Governor Douglas to the Right Hon. Henry Labouchere, M.P.
Victoria, Vancouver’s Island, May 8, 1858.
Since I had the honour of addressing you on the 6th of April last on the subject of the “Couteau” gold mines, they have become more than ever a source of attraction to the people of Washington and Oregon territories, and it is evident from the accounts published in the latest San Francisco papers, that intense excitement prevails among the inhabitants of that stirring city on the same subject.
The “Couteau” country is there represented and supposed to be in point of mineral wealth a second California or Australia, and those impressions are sustained by the false and exaggerated statements of steamboat owners and other interested parties, who benefit by the current of emigration which is now setting strongly towards this quarter.
Boats, canoes, and every species of small craft, are continually employed in pouring their cargoes of human beings into Fraser River, and it is supposed that not less than one thousand whites are already at work and on the way to the gold districts.
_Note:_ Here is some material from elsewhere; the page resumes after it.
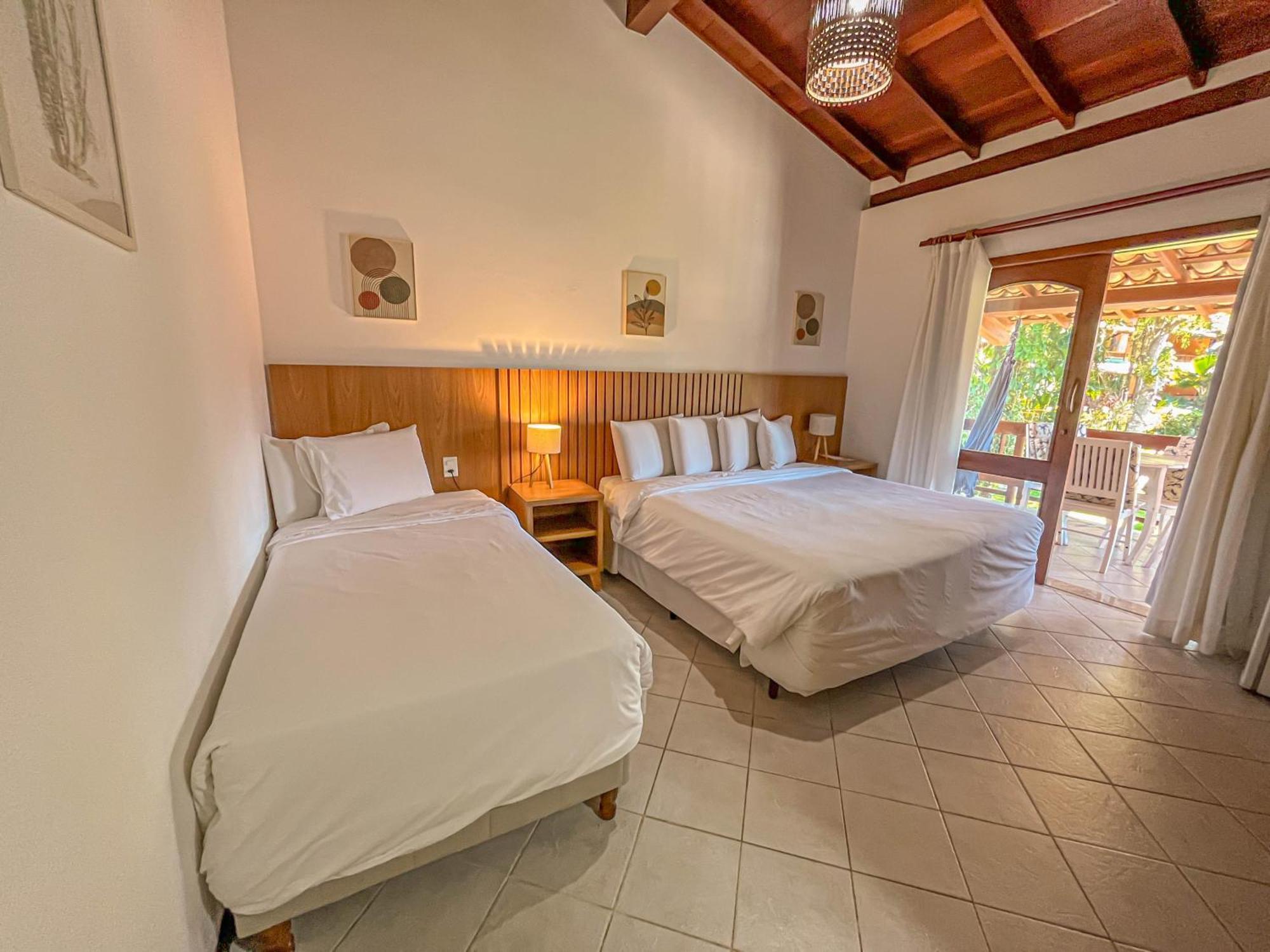 Mar Paraiso Hotel Porto Seguro Exterior photo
Many accidents have happened in the dangerous rapids of that river; a great number of canoes have been dashed to pieces, and their cargoes swept away by the impetuous stream, while of the ill-fated adventurers who accompanied them many have been swept into eternity.
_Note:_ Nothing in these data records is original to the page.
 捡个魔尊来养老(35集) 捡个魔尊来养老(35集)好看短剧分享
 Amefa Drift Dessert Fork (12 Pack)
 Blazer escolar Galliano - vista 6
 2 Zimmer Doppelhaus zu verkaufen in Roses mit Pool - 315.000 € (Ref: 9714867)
The others, nothing daunted by the spectacle of ruin and buoyed up by the hope of amassing wealth, still keep pressing onward towards the coveted goal of their most ardent wishes.
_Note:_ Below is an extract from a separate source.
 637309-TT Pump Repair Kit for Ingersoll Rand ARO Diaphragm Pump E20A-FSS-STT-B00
On the 25th of last month, the American steamer “Commodore” arrived in this port direct from San Francisco, with 450 passengers on board, the chief part of whom are gold miners for the “Couteau” country.
Nearly 400 of those men were landed at this place, and have since left in boats and canoes for Fraser River.
I ascertained from inquiries on the subject that those men are all well provided with mining tools, and that there was no dearth of capital or intelligence among them. About sixty British subjects, with an equal number of native born Americans, the rest being chiefly Germans, with a smaller proportion of Frenchmen and Italians, composed this body of adventurers.
They are represented as being, with some exceptions, a specimen of the worst of the population of San Francisco; the very dregs, in fact, of society. Their conduct while here would have led me to form a very different conclusion; as our little town, though crowded to excess with this sudden influx of people, and though there was a temporary scarcity of food, and dearth of house accommodation, the police few in number, and many temptations to excess in the way of drink, yet quiet and order prevailed, and there was not a single committal for rioting, drunkenness, or other offences during their stay here.